Record excerpts:
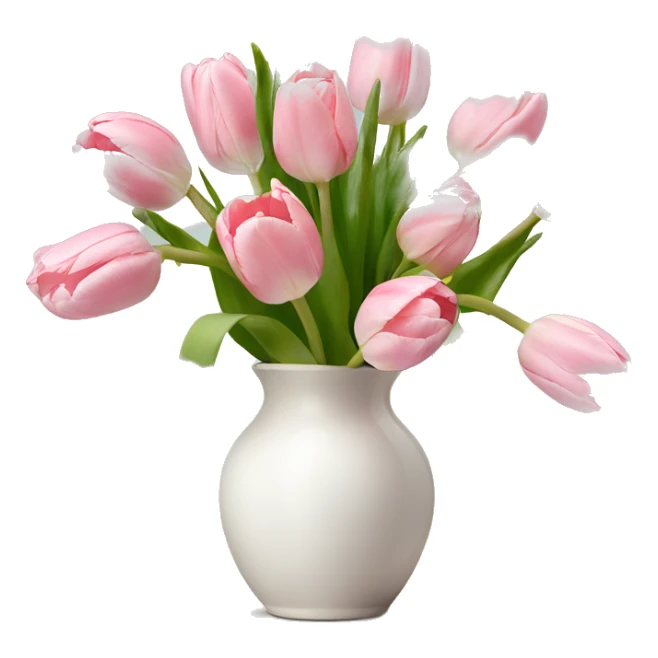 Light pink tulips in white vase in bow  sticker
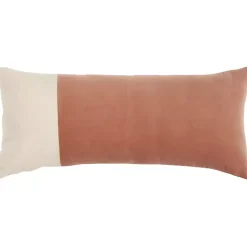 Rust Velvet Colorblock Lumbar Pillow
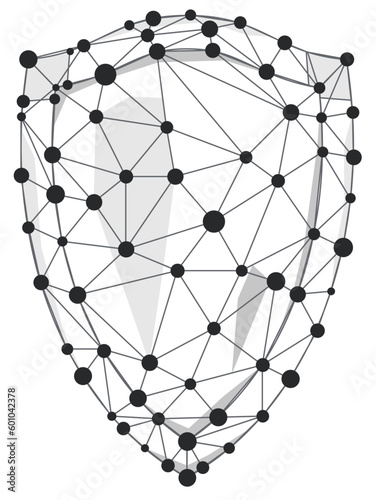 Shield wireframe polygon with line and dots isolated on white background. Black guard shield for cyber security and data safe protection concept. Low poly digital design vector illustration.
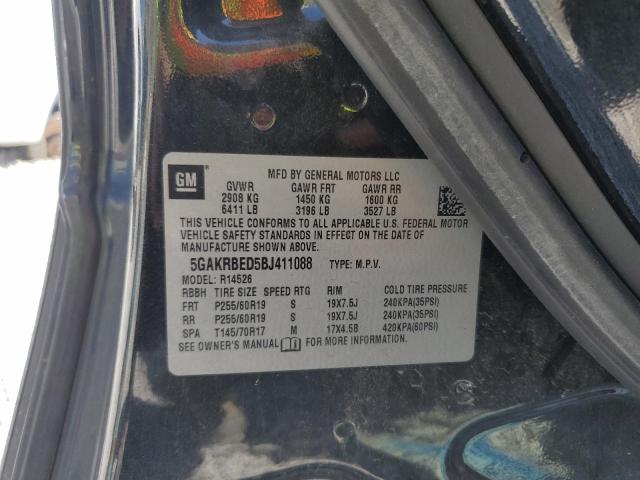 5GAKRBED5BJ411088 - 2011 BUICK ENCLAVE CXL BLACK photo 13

---

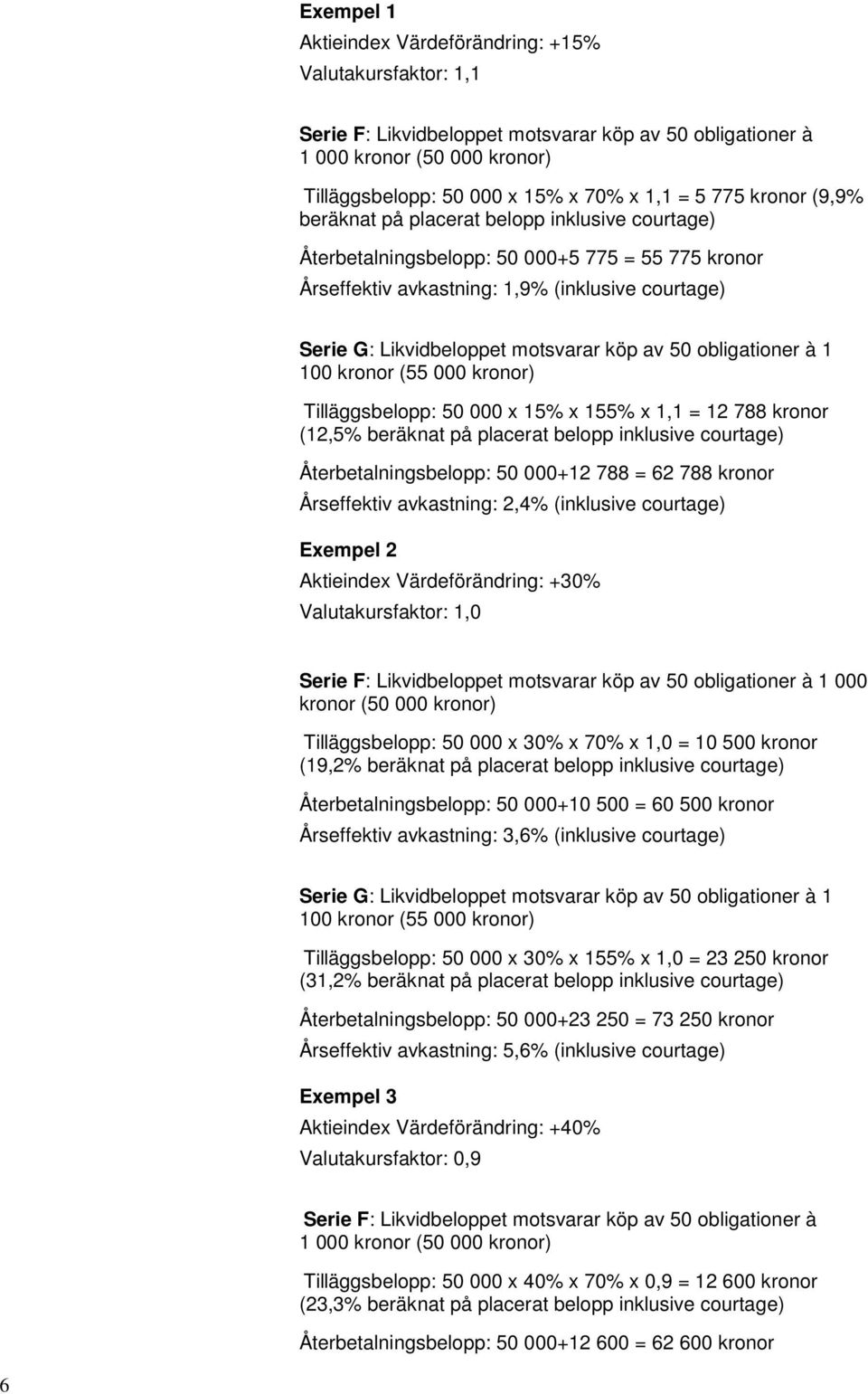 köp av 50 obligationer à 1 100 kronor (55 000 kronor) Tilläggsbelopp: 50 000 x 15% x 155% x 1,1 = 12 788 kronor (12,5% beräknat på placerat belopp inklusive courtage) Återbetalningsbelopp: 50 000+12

What is needed: Starting at the line that contains "Shield wireframe polygon" and ending at the line that contains "5GAKRBED5BJ411088 - 2011", transcribe the material above exactly, excluding pictures.

Answer space:
 Shield wireframe polygon with line and dots isolated on white background. Black guard shield for cyber security and data safe protection concept. Low poly digital design vector illustration.
 5GAKRBED5BJ411088 - 2011 BUICK ENCLAVE CXL BLACK photo 13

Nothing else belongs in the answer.